SUPPLIED RECORDS =

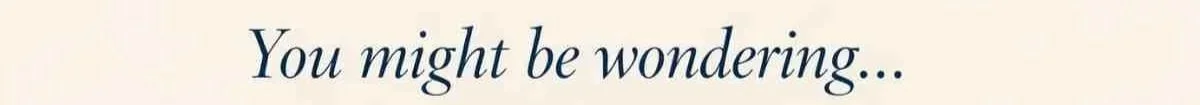 Text that says "You might be wondering..." in a serif font on a light background.
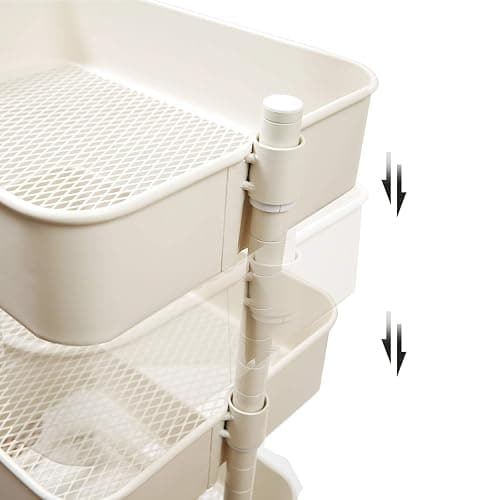 SONGMICS Chariot à 3 niveaux, Desserte, Étagère de rangement mobile, tablette réglable en hauteur, avec 2 freins, montage facile, pour salle de bain, cuisine, bureau, Blanc BSC60WT thumbnail 6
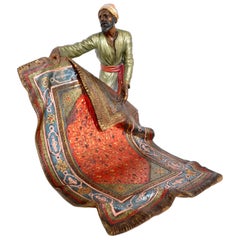 Antique Austrian Cold-Painted Bronze Arab Carpet Seller Franz Bergmann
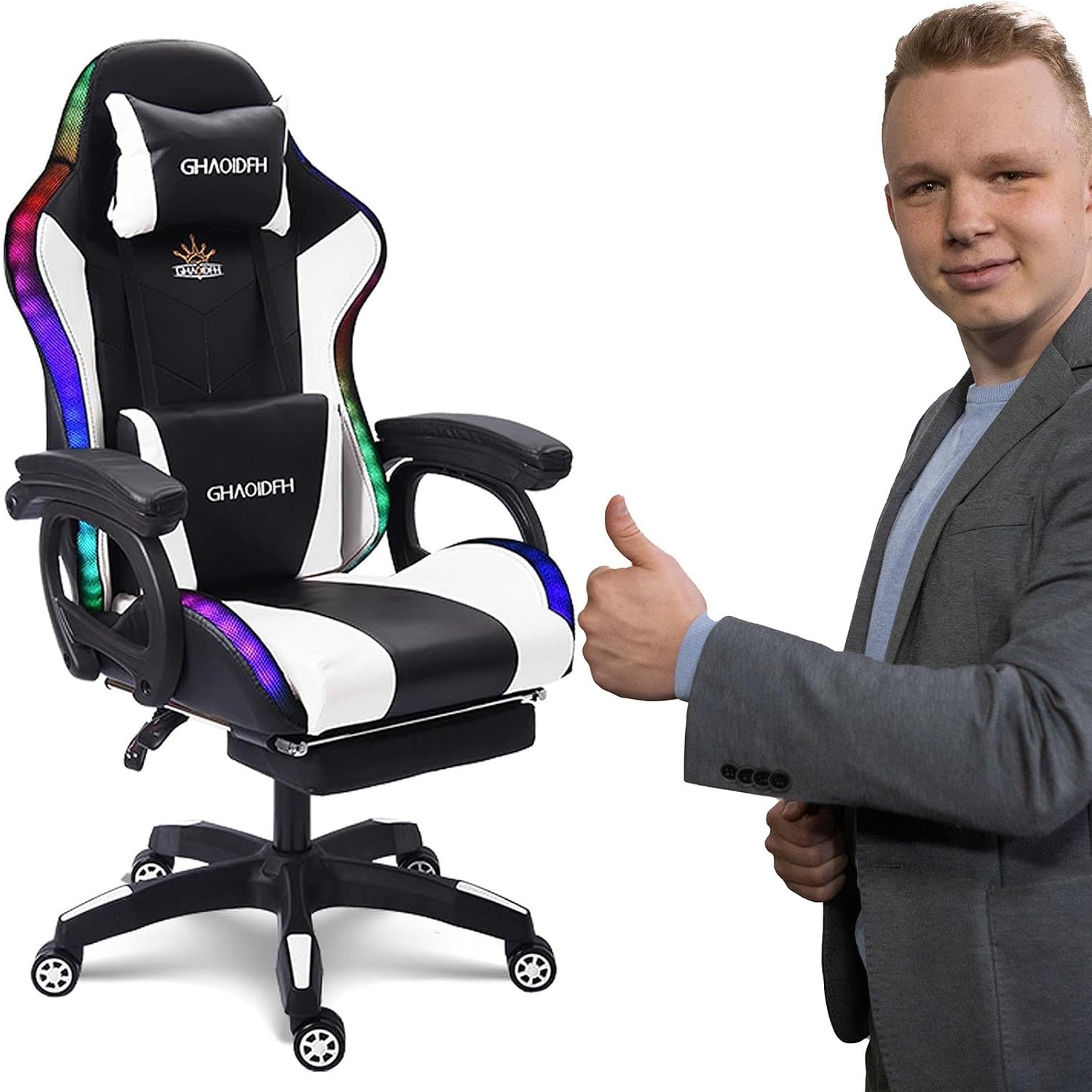 Video Gaming Chair with Footrest,Game Chair with Bluetooth Speakers,Computer Chair with LED Lights,Ergonomic Massage Gaming Chair with Massage Function,360°Swivel 90°-135° Adjustment Backrest (White)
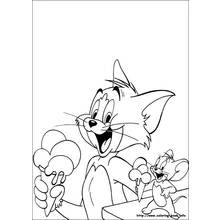 Coloriage Tom et Jerry dégustant des cornets de glace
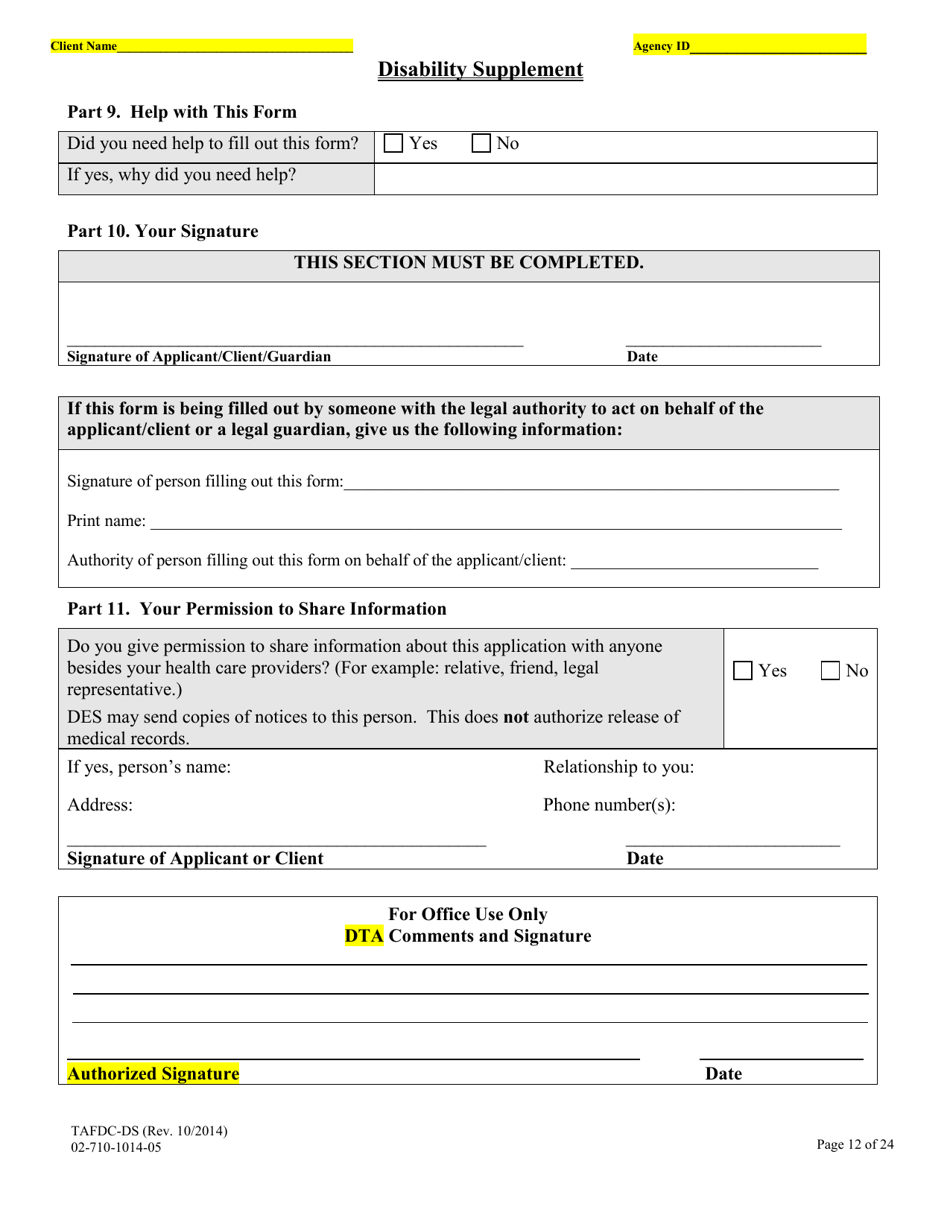 Form TAFDCDS Fill Out, Sign Online and Download Printable PDF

EXERCISE INSTRUCTIONS = Your task is to write out, exactly and without pictures, only the lines from the one holding "Video Gaming Chair" to the last line of the data.

SOLUTION TO THE PROBLEM =
 Video Gaming Chair with Footrest,Game Chair with Bluetooth Speakers,Computer Chair with LED Lights,Ergonomic Massage Gaming Chair with Massage Function,360°Swivel 90°-135° Adjustment Backrest (White)
 Coloriage Tom et Jerry dégustant des cornets de glace
 Form TAFDCDS Fill Out, Sign Online and Download Printable PDF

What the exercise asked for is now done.